# Rabi oscillations and spin 1/2 systems.

Hi all,

Can anybody please explain to me the connection between Rabi oscillations and spin-1/2 systems?

I believe the connection lies in the bloch sphere and the ability to represent the spin-1/2 system by a superposition of Pauli matrices but I'm just not getting it.

Thanks

The Bloch sphere can represent any 2-state system. It happens that it can be used to describe spin-states and 2-level atoms. The basic Rabi model describes a 2 level atom, so that's where one can use the BS. I don't think there's a direct connection between the Rabi model and spin 1/2 systems.

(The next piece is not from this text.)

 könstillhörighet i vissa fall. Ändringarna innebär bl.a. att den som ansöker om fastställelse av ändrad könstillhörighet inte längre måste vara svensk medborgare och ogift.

But, I'm no expert and there might be a connection I don't know about.

f95toli
Gold Member
Mentz114 is correct.
However, maybe it would be worth adding that the main "connection" nowadays is that the notation with spin matrices etc that were originally developed for spin-1/2 systems (which when placed in a magnetic field have the two states "spin up" and "spin down") is now used for virtually all 2-level systems (e.g. qubits) regardless if they have anything to do with spin or not. Spin-1/2 systems are just archetypal 2-level systems.
Hence, as far as I know the connection is mainly historical.

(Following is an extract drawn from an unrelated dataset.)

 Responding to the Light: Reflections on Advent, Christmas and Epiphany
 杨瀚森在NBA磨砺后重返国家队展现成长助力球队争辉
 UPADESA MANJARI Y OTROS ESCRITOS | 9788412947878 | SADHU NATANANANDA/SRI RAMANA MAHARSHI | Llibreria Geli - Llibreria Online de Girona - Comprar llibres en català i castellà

Any two-level system can be written in the form $e^{-i\phi/2}\cos(\theta/2) | 0 \rangle + \sin\theta(\theta/2) e^{i\phi/2}|1\rangle$ justifying the Bloch sphere interpretation.

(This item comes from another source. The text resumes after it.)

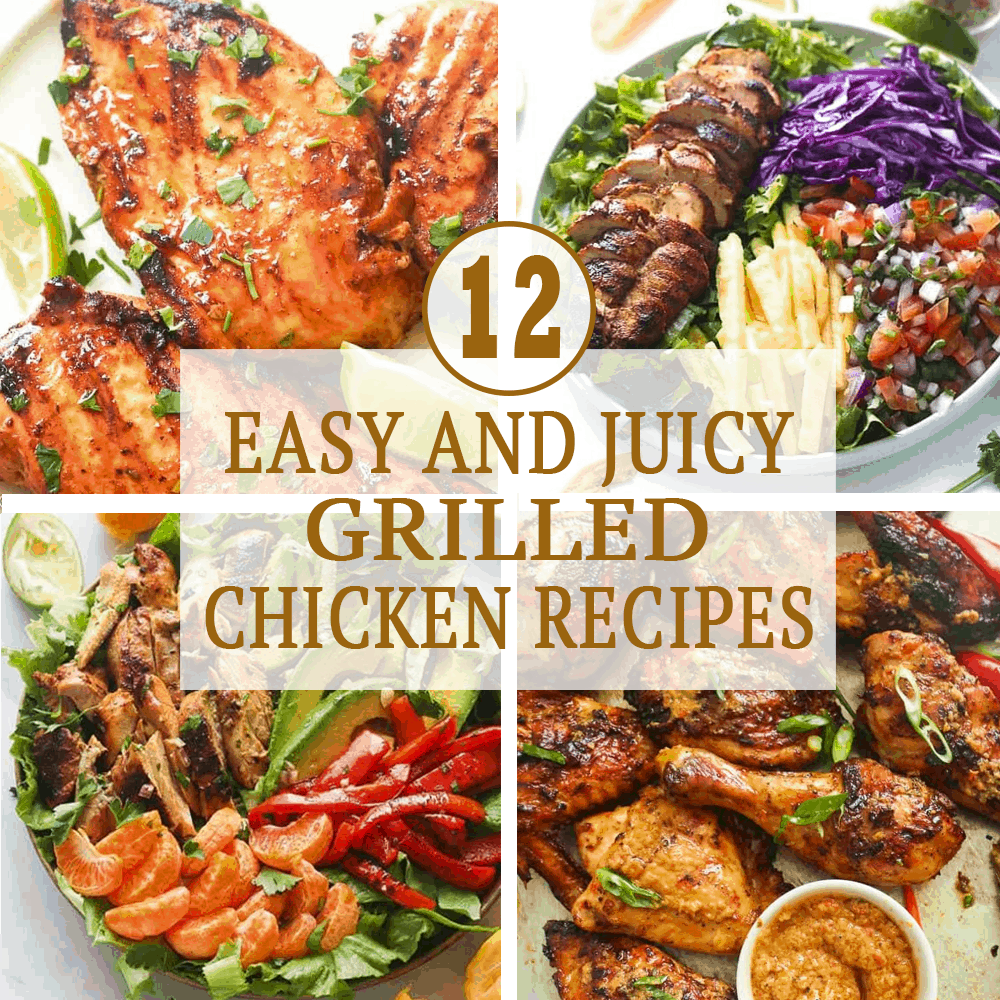 12 Easy and Juicy Grilled Chicken Recipes - Immaculate Bites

The density operator of the two-level system can be expanded in the basis of Pauli matrices $\{1,\sigma_x,\sigma_y,\sigma_z\}$ giving

$\sigma = \frac{1}{2}(\mathbf{1} + \hat{n} \cdot \vec{\sigma})$

where $\hat{n} = (\sin\theta\cos\phi,\sin\theta\sin\phi,\cos\theta)$ as expected.

For a spin-1/2 system, the vector $\hat{n}$ characterizes the polarization of the spin.

What does it correspond to for two-level atom undergoing Rabi oscillations subject to sinusoidal electric field?